===== DATASET RECORDS

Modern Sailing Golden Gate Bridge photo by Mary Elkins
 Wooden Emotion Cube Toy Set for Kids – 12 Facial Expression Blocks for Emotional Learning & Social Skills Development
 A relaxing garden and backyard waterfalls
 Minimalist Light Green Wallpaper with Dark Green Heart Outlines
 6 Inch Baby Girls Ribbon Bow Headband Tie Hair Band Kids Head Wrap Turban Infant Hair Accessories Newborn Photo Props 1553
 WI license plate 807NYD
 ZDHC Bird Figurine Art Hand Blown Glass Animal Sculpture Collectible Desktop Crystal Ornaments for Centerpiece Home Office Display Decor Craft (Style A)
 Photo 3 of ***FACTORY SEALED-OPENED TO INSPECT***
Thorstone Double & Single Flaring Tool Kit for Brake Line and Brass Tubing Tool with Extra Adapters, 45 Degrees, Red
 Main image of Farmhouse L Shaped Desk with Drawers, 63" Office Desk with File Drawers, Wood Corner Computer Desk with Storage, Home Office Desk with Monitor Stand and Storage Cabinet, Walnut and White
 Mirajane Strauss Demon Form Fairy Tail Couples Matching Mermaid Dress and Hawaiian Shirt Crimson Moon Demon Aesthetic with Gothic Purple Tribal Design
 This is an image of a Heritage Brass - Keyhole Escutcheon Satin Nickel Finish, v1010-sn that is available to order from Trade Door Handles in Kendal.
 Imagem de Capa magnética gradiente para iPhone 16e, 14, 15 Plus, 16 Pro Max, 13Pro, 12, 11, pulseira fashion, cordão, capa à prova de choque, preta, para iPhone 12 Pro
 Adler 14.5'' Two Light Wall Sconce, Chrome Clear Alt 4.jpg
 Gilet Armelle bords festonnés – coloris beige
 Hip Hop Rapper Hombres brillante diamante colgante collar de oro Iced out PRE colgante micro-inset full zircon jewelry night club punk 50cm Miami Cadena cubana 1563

==========

Using the entries above, restate word for word every line from the one that contains "Mirajane Strauss Demon" through the last.

 Mirajane Strauss Demon Form Fairy Tail Couples Matching Mermaid Dress and Hawaiian Shirt Crimson Moon Demon Aesthetic with Gothic Purple Tribal Design
 This is an image of a Heritage Brass - Keyhole Escutcheon Satin Nickel Finish, v1010-sn that is available to order from Trade Door Handles in Kendal.
 Imagem de Capa magnética gradiente para iPhone 16e, 14, 15 Plus, 16 Pro Max, 13Pro, 12, 11, pulseira fashion, cordão, capa à prova de choque, preta, para iPhone 12 Pro
 Adler 14.5'' Two Light Wall Sconce, Chrome Clear Alt 4.jpg
 Gilet Armelle bords festonnés – coloris beige
 Hip Hop Rapper Hombres brillante diamante colgante collar de oro Iced out PRE colgante micro-inset full zircon jewelry night club punk 50cm Miami Cadena cubana 1563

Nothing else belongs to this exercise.